Chapter 1. The sonnet
Shakespeare writes in Sonnet 73:
In me thou see'st the twilight of such day,
As after sunset fadeth in the west,
Which by-and-by black night doth take away,
Death's second self, that seals up all in rest.
For me, painting the sonnets brings into a sharp focus how natural phenomena — what we see “out there” — help us make sense of the human experience.
And this inner process of making sense (which might just be the very essence of human experience) becomes visible in sonnets.
Here, it is twilight: this special time when we still see the light in the sky, even though the sun is already (temporarily) invisible. The day is already in the past, but its light is still present…
(I am writing this in Florence, which is still lit by the light of the Renaissance, even if the Renaissance is in the past).
And inevitable black night — “death’s second self”… but if this is death’s second self, then what is death but this temporary, transient invisibility — which turns into day as inevitably as the day turns into night?

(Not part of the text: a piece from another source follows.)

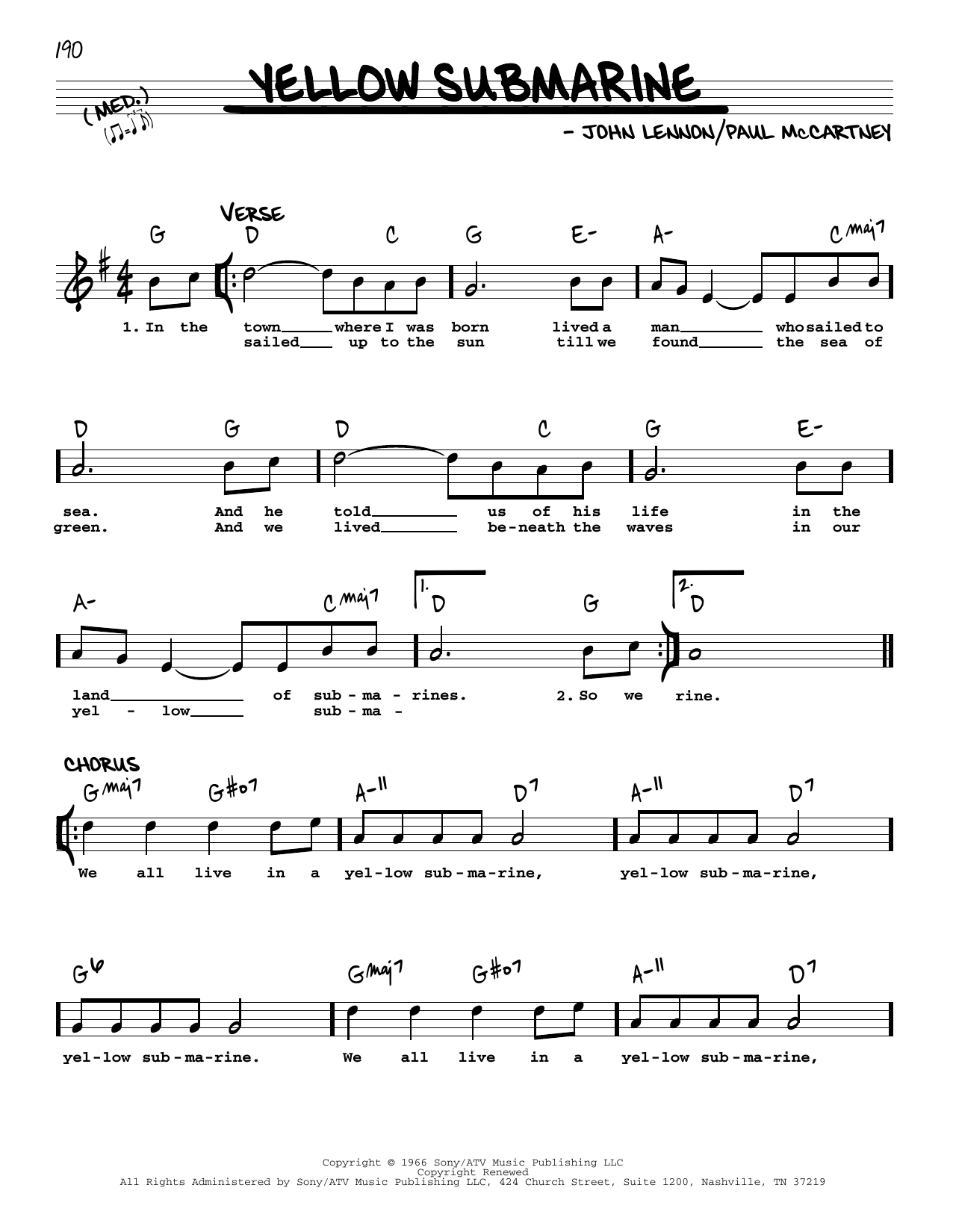 The Beatles Yellow Submarine [Jazz version] Sheet Music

In this sonnet painting, this metaphor, In me thou see’st the twilight, ceases being a metaphor and turns into imagery: twilight seen in (through) a human face.

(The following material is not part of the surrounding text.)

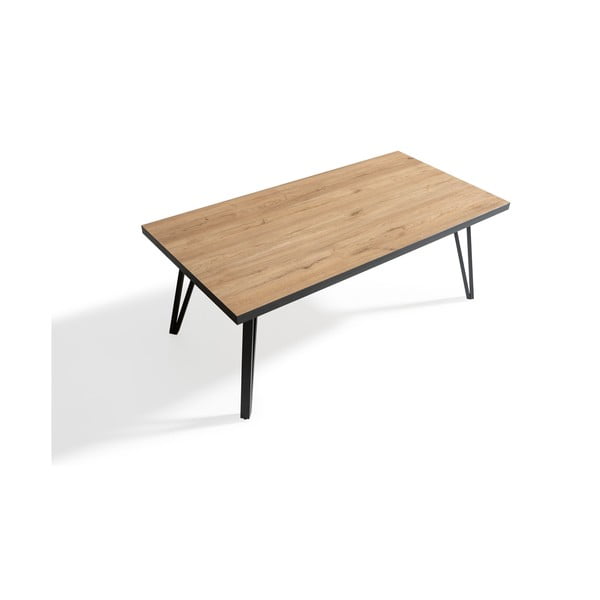 Fekete-natúr színű dohányzóasztal tölgyfa dekoros asztallappal 60x120 cm Sindi – Marckeric-image-3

I studied the colours of twilight from life to do this, sitting at the balcony of our room in a beach hotel, barely seeing what I was painting because the day was turning into the night with dizzying speed. Here are these two studies…
William Shakespeare, Sonnet 73
That time of year thou may'st in me behold
When yellow leaves, or none, or few, do hang
Upon those boughs which shake against the cold,
Bare ruin'd choirs, where late the sweet birds sang.
In me thou see'st the twilight of such day,
As after sunset fadeth in the west,
Which by-and-by black night doth take away,
Death's second self, that seals up all in rest.
In me thou see'st the glowing of such fire
That on the ashes of his youth doth lie,
As the death-bed whereon it must expire
Consum'd with that which it was nourish'd by.
This thou perceivest, which makes thy love more strong,
To love that well which thou must leave ere long.